Open Access News

News from the open access movement


Monday, February 25, 2008

Free movement of knowledge, but without OA

Today the Council of the European Union agreed that the EU "needs to create a "fifth freedom" - the free movement of knowledge."  (Thanks to Napoleon Miradon.)  From the Council report:

...In order to succeed in the transition to a highly competitive knowledge economy, the European Union needs to create a "fifth freedom" - the free movement of knowledge.
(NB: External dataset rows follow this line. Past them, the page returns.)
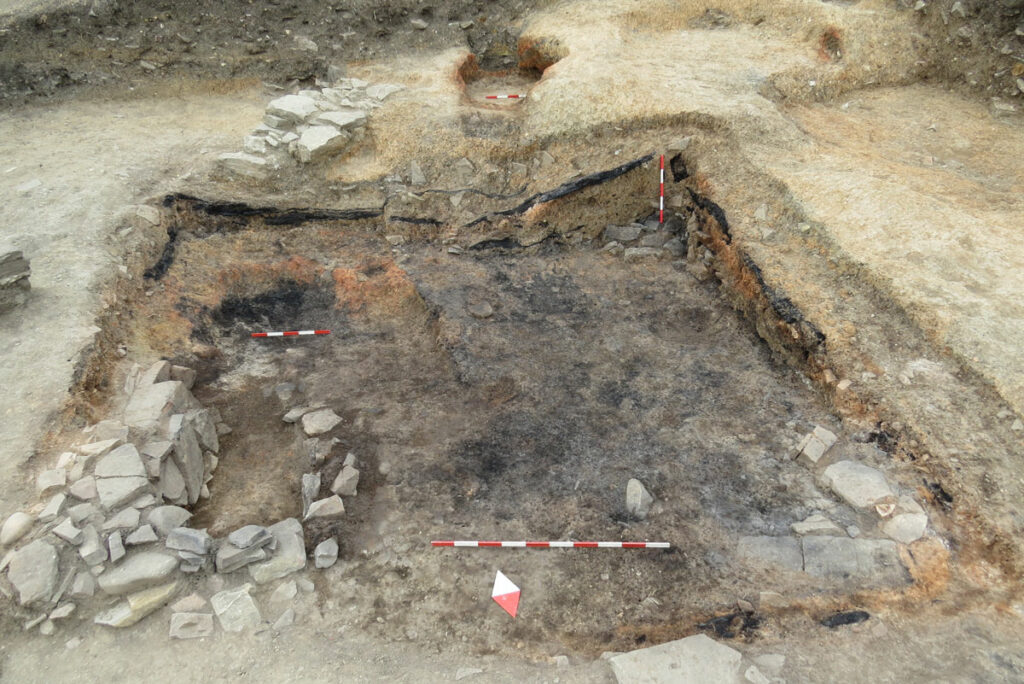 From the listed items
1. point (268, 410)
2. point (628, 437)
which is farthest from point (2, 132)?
point (628, 437)

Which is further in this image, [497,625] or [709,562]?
[709,562]

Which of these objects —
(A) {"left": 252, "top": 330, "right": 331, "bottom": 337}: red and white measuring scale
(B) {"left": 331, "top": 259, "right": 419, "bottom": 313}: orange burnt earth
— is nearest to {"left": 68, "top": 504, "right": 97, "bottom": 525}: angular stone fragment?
(A) {"left": 252, "top": 330, "right": 331, "bottom": 337}: red and white measuring scale

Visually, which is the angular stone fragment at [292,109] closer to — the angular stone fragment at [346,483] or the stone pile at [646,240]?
the stone pile at [646,240]

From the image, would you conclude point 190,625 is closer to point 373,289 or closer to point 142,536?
point 142,536

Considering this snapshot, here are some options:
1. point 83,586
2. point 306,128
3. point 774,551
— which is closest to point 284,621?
point 83,586

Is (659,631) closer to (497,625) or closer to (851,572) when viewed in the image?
(497,625)

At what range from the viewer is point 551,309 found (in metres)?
7.02

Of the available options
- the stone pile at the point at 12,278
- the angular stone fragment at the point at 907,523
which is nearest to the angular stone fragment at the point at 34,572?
the stone pile at the point at 12,278

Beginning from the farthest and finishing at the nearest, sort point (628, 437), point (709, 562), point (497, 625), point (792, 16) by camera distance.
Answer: point (792, 16), point (628, 437), point (709, 562), point (497, 625)

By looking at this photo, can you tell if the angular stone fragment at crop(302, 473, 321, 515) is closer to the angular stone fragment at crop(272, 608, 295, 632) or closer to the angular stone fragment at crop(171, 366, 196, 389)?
the angular stone fragment at crop(272, 608, 295, 632)

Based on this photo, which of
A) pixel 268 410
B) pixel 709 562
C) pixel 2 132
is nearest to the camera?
pixel 709 562

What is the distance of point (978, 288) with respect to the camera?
18.2ft

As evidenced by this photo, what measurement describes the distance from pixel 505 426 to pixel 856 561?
9.73 feet

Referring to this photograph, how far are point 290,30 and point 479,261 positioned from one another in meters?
6.39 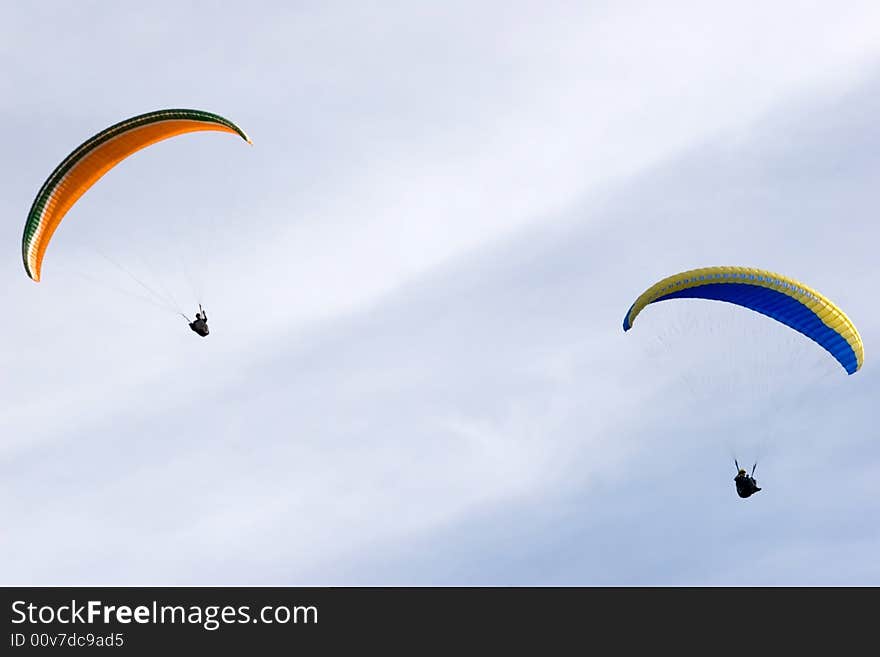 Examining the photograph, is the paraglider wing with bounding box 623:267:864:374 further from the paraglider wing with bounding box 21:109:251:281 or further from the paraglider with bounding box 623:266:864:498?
the paraglider wing with bounding box 21:109:251:281

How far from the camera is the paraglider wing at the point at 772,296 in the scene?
2328 inches

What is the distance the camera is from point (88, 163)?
2376 inches

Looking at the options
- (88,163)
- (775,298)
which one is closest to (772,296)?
(775,298)

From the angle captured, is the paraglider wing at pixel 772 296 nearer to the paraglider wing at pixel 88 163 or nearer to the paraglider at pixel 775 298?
the paraglider at pixel 775 298

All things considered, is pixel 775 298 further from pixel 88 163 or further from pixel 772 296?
pixel 88 163

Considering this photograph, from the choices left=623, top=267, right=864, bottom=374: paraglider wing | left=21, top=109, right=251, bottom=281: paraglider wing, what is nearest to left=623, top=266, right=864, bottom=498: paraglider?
left=623, top=267, right=864, bottom=374: paraglider wing

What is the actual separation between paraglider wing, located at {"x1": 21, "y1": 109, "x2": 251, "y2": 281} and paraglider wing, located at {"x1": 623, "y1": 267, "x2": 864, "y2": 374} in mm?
15041

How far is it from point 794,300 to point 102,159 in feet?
75.5

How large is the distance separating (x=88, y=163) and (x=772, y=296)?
22702mm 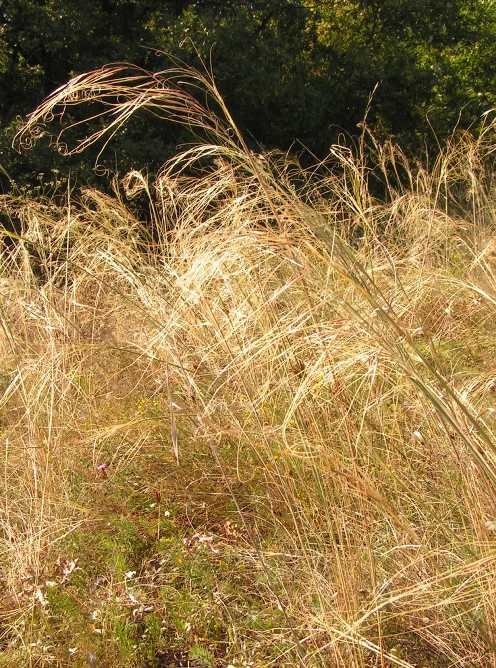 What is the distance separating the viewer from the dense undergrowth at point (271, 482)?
1160mm

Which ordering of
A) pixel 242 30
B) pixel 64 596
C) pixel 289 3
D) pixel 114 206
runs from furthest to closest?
pixel 289 3 → pixel 242 30 → pixel 114 206 → pixel 64 596

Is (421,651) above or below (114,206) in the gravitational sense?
below

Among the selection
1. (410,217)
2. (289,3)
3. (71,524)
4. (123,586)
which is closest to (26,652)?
(123,586)

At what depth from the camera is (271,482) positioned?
1.61 m

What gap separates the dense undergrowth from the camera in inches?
45.7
Member States and the Commission are invited to deepen their dialogue and expand their cooperation in order to further identify and remove obstacles to the cross-border mobility of knowledge....

In elaborating what this means, the ministers mention the mobility of researchers, family-friendly scientific careers, education reforms, broadband penetration, and a new voluntary charter to manage the intellectual property of public research organizations.  They do not mention open access.

Comment.  Nearly a year ago, EU Research Commissioner, Janez Potocnik, proposed making the "movement of knowledge" a fifth freedom guaranteed by the EU Treaty alongside the movement of goods, services, capital, and labor.  He spelled out the idea in his green paper of April 4, 2007, The European Research Area: New Perspectives.  This was the paper that asked ingenuously whether the EU needed an OA policy, after the February 2007 meeting in Brussels in which Potocnik had already solicited and received abundant evidence that the answer was yes.  See my blog comment on the green paper at the time it was released and my later comment when the public comments on the green paper (overwhelmingly supporting an OA mandate) were released in October 2007.  It's hard to avoid seeing a pattern here:  first, the Research Commissioner disregards the arguments for an EU-wide OA policy, and then the EU Ministers disregard the OA connection when acknowledging the need for the fifth freedom.

Update (2/27/08).  Also see Napoleon Miradon's follow-up:

"Why now; why are the Research Ministers issuing press releases now?" Ans: Because the Research Ministers were finalising their wish-list for the EU summit meeting next month.

The summit meeting, of heads of government and state, will be chaired by Dr Danilo Türk, President of the Republic of Slovenia, and former Professor of International Law at the University of Ljubljana.

Dr Türk has a long and distinguished list of publications, and the Faculty of Computer and Information Science at his University has a nice little EPrints archive.

So has anyone briefed Dr Türk's colleagues on OA matters in Europe? Or is this another opportunity missed for OA in the EU?

PS:  I can add that the Slovenian Minister for Growth, ?iga Turk (no relation?), is an informed defender of OA.